Activity —
Please transcribe the records precisely; pictures stay out of your copy.

Image-text web data —

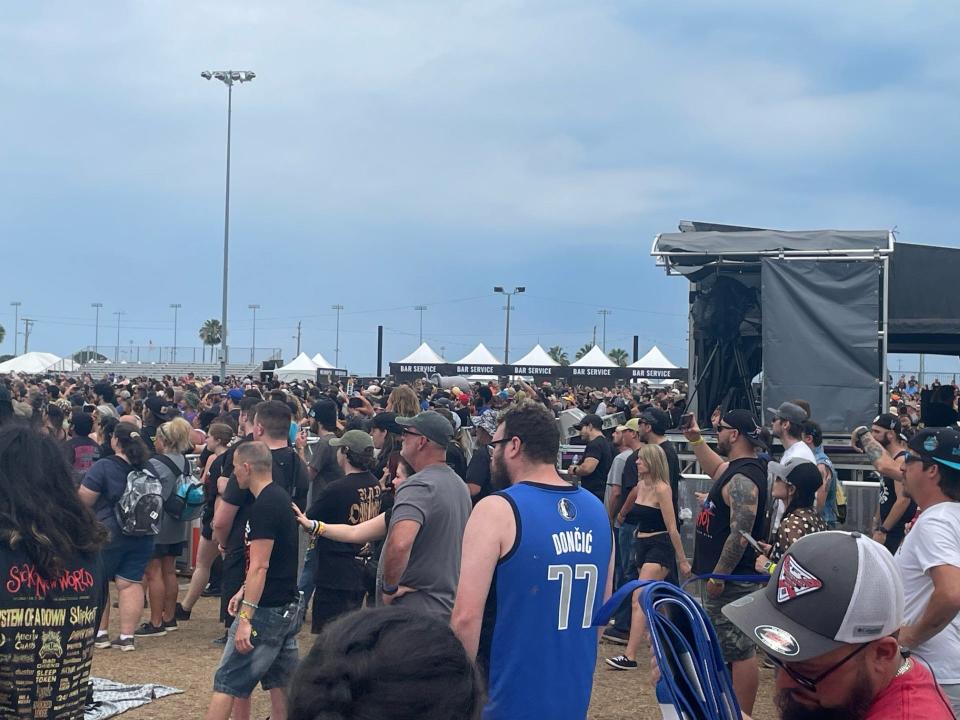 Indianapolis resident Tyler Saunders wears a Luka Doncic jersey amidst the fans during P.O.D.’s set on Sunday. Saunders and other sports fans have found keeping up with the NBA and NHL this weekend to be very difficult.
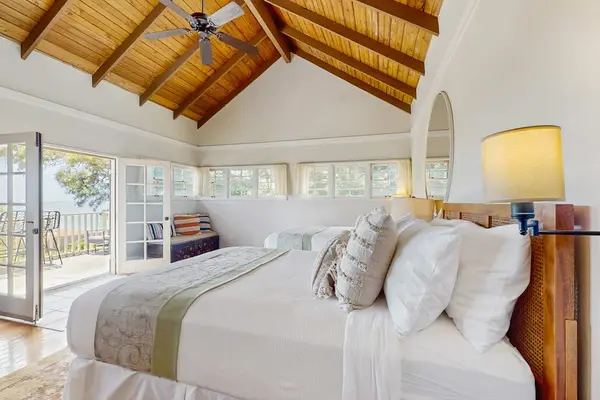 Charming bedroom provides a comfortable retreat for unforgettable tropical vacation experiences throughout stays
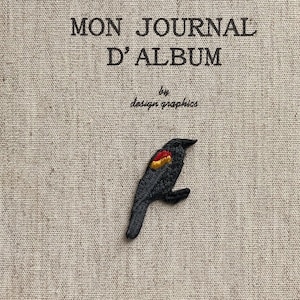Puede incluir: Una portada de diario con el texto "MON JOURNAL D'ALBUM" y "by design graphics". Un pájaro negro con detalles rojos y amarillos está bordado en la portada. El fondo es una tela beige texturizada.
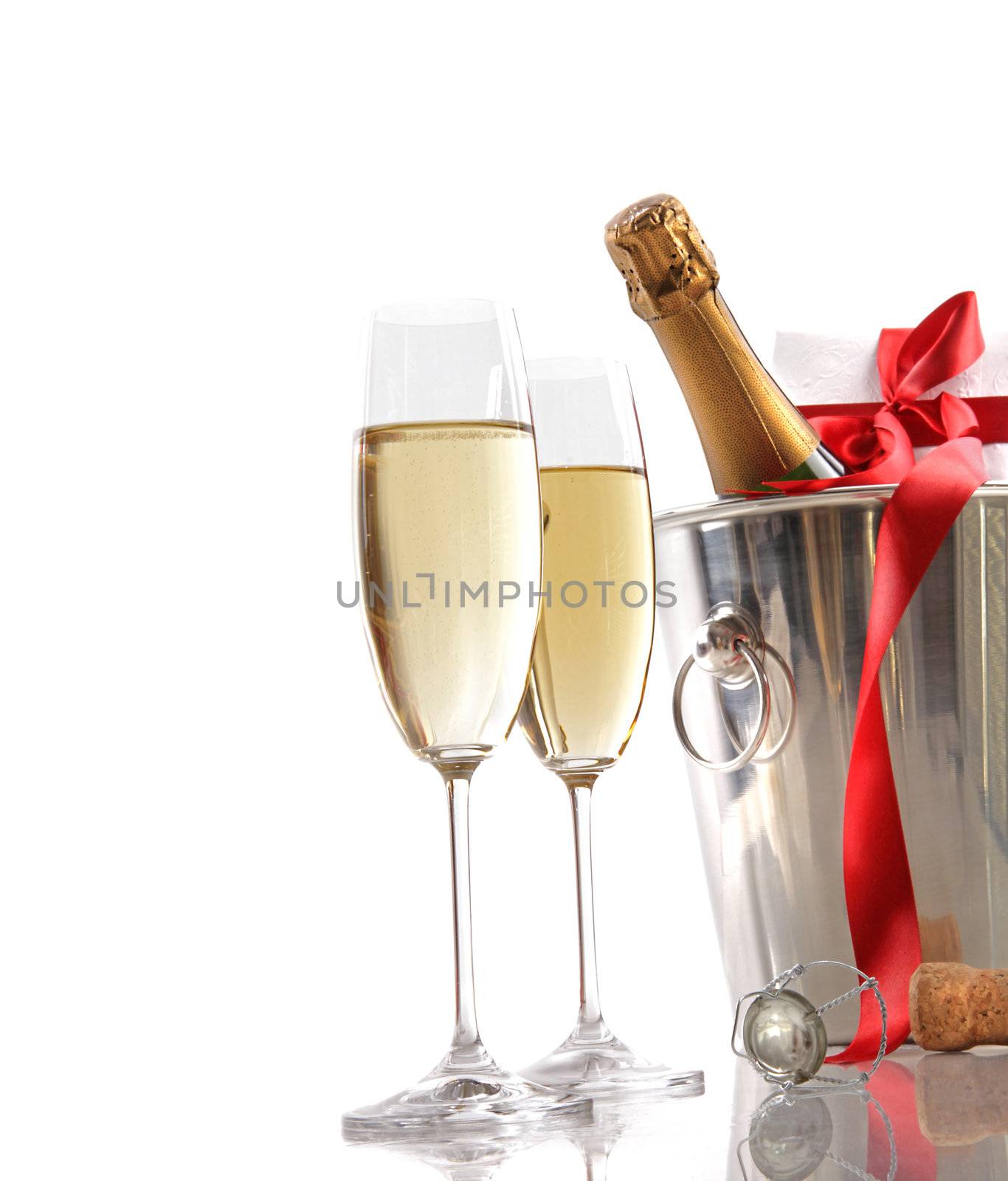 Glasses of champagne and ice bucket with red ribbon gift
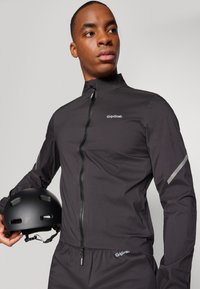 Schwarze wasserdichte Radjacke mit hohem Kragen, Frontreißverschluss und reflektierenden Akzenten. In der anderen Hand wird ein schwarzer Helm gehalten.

Result for this exercise —
 Indianapolis resident Tyler Saunders wears a Luka Doncic jersey amidst the fans during P.O.D.’s set on Sunday. Saunders and other sports fans have found keeping up with the NBA and NHL this weekend to be very difficult.
 Charming bedroom provides a comfortable retreat for unforgettable tropical vacation experiences throughout stays
Puede incluir: Una portada de diario con el texto "MON JOURNAL D'ALBUM" y "by design graphics". Un pájaro negro con detalles rojos y amarillos está bordado en la portada. El fondo es una tela beige texturizada.
 Glasses of champagne and ice bucket with red ribbon gift
 Schwarze wasserdichte Radjacke mit hohem Kragen, Frontreißverschluss und reflektierenden Akzenten. In der anderen Hand wird ein schwarzer Helm gehalten.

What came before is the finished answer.